Karadeniz, tarih boyunca coğrafi konumu gereği, Doğu ile Batı arasında ticarî ve siyasi ilişkilerin en önemli bağlantı noktalarından biri olarak, Asya içlerinden Akdeniz havzasına uzanan ticaret yollarının güzergâhı olmuş, Pers, Antik Yunan, Roma ve Bizans gibi farklı güçlerin askerî ve ekonomik politikalarında stratejik bir rol üstlenmiştir. Bizans döneminde “iç deniz” kimliğiyle sınırlı bir alana sahip olan Karadeniz; Venedik, Cenova ve Pisa gibi İtalyan şehir devletlerinin etkinliğinde Kefe, Tana, Trabzon ve Galata gibi merkezlerde oluşturdukları kolonilerle, bir yandan ticarî akışı sağlarken; diğer yanda bölgenin çok kültürlü yapısıyla, uluslararası ilişkilerini şekillendirerek, yeni aktörlerin ortaya çıkmasının yolunu açmıştır.

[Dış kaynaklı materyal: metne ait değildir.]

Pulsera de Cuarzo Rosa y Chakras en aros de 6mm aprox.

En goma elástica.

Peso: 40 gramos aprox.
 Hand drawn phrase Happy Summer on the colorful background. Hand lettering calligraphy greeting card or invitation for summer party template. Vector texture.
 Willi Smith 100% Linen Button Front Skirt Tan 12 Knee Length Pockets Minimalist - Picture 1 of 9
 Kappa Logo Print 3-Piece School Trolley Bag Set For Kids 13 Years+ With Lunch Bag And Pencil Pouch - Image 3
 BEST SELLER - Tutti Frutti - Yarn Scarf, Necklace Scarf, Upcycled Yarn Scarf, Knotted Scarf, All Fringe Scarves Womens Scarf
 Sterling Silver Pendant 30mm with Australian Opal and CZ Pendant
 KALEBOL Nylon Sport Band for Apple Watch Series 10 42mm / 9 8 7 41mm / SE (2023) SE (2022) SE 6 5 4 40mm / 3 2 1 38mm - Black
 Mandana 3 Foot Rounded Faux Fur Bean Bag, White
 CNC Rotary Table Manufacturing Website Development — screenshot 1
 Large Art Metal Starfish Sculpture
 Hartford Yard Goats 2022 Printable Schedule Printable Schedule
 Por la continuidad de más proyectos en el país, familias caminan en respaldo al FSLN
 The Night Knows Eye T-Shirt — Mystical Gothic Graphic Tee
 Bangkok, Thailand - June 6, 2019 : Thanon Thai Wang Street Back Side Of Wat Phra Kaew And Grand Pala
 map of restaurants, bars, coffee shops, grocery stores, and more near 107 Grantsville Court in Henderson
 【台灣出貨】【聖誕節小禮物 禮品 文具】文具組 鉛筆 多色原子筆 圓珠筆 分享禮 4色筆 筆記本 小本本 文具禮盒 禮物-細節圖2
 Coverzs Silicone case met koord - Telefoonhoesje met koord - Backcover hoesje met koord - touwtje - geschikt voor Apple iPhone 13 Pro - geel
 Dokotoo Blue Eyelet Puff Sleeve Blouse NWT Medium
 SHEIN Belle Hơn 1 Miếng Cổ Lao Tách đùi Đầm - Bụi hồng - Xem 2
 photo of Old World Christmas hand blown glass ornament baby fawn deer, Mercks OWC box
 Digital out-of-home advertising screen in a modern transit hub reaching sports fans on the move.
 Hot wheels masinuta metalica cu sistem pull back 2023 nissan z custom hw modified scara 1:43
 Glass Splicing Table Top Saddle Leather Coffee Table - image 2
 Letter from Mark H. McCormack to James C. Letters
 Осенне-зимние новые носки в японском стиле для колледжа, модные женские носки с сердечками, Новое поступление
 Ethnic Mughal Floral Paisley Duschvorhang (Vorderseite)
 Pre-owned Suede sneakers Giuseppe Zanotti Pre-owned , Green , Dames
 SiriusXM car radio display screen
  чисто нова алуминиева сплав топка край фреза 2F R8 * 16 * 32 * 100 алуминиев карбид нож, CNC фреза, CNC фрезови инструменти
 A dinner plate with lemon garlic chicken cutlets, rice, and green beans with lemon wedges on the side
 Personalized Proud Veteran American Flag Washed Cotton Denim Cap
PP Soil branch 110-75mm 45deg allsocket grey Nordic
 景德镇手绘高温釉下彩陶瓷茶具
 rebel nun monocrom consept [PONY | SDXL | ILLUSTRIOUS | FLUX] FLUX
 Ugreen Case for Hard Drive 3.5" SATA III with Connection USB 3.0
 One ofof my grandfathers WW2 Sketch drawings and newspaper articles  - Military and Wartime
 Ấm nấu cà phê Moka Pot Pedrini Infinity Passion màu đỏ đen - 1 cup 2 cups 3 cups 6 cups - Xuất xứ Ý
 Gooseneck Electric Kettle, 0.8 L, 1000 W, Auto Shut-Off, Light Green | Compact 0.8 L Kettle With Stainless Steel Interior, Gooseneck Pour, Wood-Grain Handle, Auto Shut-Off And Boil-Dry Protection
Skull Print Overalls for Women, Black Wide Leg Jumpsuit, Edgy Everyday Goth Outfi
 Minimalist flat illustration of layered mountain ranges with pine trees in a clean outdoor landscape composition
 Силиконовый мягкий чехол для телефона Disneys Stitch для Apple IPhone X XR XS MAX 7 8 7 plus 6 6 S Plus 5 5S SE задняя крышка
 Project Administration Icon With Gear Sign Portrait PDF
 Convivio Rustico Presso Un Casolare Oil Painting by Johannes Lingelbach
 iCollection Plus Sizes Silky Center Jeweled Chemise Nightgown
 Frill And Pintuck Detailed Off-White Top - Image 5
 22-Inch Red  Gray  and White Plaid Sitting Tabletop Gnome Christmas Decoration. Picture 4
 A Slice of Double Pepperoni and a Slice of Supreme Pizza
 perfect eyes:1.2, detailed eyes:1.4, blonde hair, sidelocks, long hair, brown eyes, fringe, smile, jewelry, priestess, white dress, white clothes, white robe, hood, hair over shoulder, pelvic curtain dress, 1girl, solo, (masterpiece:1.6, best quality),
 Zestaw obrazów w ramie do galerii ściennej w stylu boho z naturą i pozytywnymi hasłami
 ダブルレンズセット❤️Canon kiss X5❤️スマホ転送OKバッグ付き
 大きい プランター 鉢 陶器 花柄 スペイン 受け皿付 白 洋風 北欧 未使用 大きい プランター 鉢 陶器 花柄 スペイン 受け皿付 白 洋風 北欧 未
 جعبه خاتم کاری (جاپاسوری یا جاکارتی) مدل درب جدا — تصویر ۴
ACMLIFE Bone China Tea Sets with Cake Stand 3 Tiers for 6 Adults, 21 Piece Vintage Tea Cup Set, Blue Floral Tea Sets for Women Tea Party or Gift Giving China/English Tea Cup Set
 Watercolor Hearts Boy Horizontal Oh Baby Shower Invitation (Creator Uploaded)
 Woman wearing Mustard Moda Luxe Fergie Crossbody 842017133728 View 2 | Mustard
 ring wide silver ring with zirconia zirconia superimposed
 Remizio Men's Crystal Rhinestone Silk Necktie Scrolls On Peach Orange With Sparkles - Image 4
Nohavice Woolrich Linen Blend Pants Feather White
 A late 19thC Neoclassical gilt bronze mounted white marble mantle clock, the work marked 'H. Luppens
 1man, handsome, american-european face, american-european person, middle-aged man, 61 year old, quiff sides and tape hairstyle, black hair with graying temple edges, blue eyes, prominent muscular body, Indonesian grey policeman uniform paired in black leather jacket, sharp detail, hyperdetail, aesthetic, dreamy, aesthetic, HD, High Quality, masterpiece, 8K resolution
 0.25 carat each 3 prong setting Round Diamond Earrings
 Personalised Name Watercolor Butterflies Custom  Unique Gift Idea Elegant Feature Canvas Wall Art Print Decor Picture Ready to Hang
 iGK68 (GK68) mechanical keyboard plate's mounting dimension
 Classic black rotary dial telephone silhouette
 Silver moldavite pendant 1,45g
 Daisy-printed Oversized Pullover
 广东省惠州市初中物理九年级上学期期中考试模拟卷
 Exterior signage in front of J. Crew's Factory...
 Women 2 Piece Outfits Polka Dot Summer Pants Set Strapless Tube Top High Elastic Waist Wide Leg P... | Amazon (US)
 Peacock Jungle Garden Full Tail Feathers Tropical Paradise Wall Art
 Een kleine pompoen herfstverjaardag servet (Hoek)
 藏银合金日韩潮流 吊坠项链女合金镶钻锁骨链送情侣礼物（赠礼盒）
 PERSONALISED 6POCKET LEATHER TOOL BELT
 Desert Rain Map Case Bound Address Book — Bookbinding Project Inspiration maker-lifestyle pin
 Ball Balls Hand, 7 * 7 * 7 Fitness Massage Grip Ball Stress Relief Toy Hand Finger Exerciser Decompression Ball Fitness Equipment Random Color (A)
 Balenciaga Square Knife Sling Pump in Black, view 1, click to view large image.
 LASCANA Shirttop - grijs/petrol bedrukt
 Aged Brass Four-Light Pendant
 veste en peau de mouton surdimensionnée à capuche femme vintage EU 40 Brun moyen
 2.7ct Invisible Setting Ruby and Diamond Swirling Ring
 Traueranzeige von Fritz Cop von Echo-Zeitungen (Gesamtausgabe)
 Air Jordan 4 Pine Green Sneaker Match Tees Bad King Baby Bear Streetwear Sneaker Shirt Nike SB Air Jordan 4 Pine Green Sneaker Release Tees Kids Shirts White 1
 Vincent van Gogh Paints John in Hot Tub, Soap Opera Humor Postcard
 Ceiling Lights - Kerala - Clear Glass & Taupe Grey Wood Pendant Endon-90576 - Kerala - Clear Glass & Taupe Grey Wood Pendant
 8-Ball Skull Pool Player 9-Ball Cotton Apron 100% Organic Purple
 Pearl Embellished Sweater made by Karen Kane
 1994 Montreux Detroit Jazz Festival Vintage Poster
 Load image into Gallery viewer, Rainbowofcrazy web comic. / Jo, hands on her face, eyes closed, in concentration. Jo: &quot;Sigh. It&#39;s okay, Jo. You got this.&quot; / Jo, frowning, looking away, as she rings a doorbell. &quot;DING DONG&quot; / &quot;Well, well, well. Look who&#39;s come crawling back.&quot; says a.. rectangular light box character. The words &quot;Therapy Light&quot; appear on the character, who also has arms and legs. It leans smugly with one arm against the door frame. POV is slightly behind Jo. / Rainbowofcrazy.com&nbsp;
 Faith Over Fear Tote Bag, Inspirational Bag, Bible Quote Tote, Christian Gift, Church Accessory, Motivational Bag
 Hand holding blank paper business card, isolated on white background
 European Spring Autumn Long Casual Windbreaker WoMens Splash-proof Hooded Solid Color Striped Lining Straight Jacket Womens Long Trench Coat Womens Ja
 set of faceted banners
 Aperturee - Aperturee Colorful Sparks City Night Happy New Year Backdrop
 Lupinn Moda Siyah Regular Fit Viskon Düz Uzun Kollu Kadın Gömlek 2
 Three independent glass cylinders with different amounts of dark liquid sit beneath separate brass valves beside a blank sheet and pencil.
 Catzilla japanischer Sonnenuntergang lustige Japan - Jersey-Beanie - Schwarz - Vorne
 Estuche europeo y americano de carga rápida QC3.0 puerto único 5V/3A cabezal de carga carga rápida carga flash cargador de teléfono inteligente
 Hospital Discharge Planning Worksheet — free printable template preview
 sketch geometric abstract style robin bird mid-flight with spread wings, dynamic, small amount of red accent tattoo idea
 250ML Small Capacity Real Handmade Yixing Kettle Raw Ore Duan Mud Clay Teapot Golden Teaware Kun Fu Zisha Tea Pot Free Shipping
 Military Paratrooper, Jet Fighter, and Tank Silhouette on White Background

Altın Orda Devleti ile kurulan ilişkilerin devamında, Timur’un Kırım ve Trabzon üzerinden Tebriz’i yeni bir merkez hâline getirme girişimiyle, Fatih Sultan Mehmed’in İstanbul’u fethetmesinin ardından Galata ve Güney Karadeniz limanlarını denetim altına alması, bölgenin uluslararası ticaret karakterini önemli ölçüde sınırlandırmış, Osmanlı hâkimiyetinde Karadeniz, bir iç deniz konumuna gelerek, uluslararası ticaretin çok yönlü niteliğini yitirmiştir. Bu çalışma, Karadeniz’in Antik Çağlardan Osmanlı’nın yükselişine kadar geçen sürede, farklı dönemlerdeki güç mücadelelerini, ticaret yollarının yönelimini, kolonilerin kuruluş ve işleyişiyle, bölgenin stratejik önemini ortaya koyan kapsamlı bir araştırmayı içermektedir.
Değerlendirmeler
Henüz değerlendirme yapılmadı.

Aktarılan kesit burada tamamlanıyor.